千葉洋平と中村晃一
「殺された ?」
仰ぎ見た俺の目に、教授の能面のような眼差しが突き刺さった。
「そんな事件、記憶にないが ……」
「樹海でクビを吊っておった。だから自殺として滞りなく処理されたよ。
「本当は殺された ?」
「彼が樹海で発見された7日後、彼から手紙が届いた。身の危険を感じた正也は “ 奴らは手段を選ばない ” という事を私に知らせたかったのだ。そして十数年に渡る千葉洋平との闘いの内容を手紙に残した」
「十数年 ?」
「正也は千葉洋平という悪魔を摘発する事だけに生涯を賭した」
「・・・確か大学4年の時、小関は自殺した従兄妹の事を熱心に調べていた ……あれからずっと千葉洋平を追っていたのか ?」
とんでもない執念 ……
「そう、私はずっと反対しておったがね。
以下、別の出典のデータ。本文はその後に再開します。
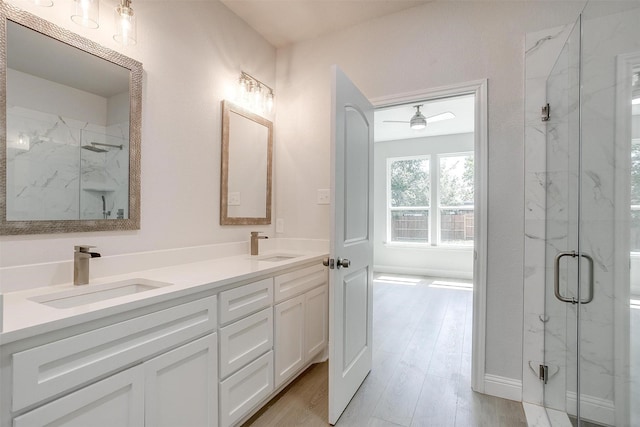 507 S 4th St, Grandview, TX 76050 - bathroom with a marble finish shower, double vanity, and wood finished floors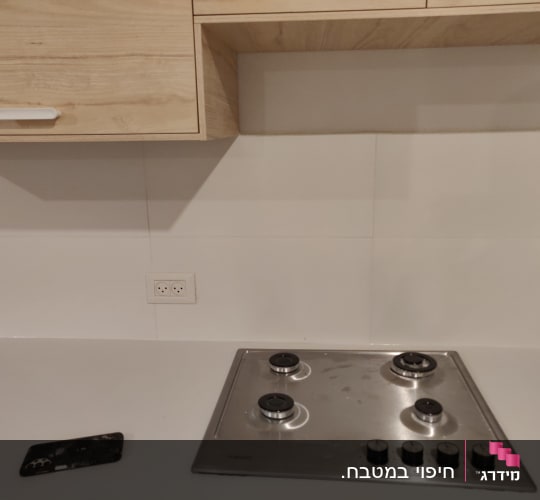 חיפוי קיר קרמיקה לבן במטבח מתחת לארונות עץ וכיריים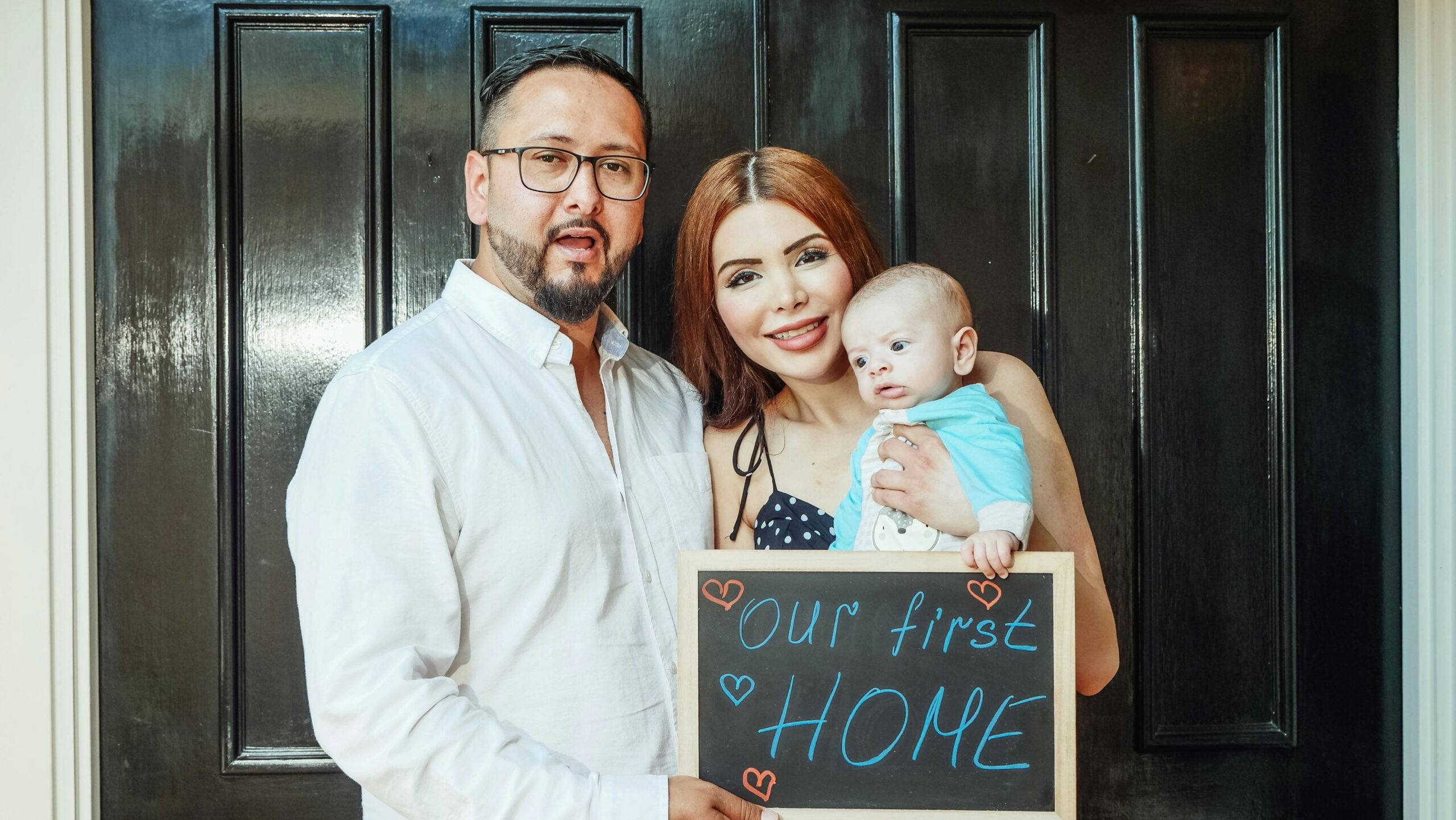 A non-resident couple posing in front of the door to a house, with the female holding a baby, and both of them holding up a sign that says our first home.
とても摘発出来るような相手じゃない。私は悪魔の恐ろしい力も、後ろ盾の恐ろしさも充分に知っておったからね。私にだって娘もいれば、孫もいる。法務大臣にケツを捲くって、高裁を辞任した時のようなわけにはいかない。自分一人が ……という訳にいかないのだ。あれはどんな殺人鬼よりも恐ろしい悪魔なんだ」
「殺人鬼よりも恐ろしい悪魔 ? ……それほどまでの脅威ですか ? 俺にはただの変態野郎としか思えないが ……」
「恐らく蓮見一族は全員、千葉洋平に何らかの弱みを握られている。まあ、当然巻本刑事部長も同様だな」
「何故そんな事が ……」
「不祥事の隠蔽、贈収賄、公職選挙法違反、不倫、買春 ……いや例え罪を犯さなくても、夫婦の夜の営みを盗撮されただけでも、充分な弱みとなる。政治家や警察官僚なんて、どんな小さな弱みでも致命傷になるからな。俗に言う生殺与奪の権を握られるってヤツだな。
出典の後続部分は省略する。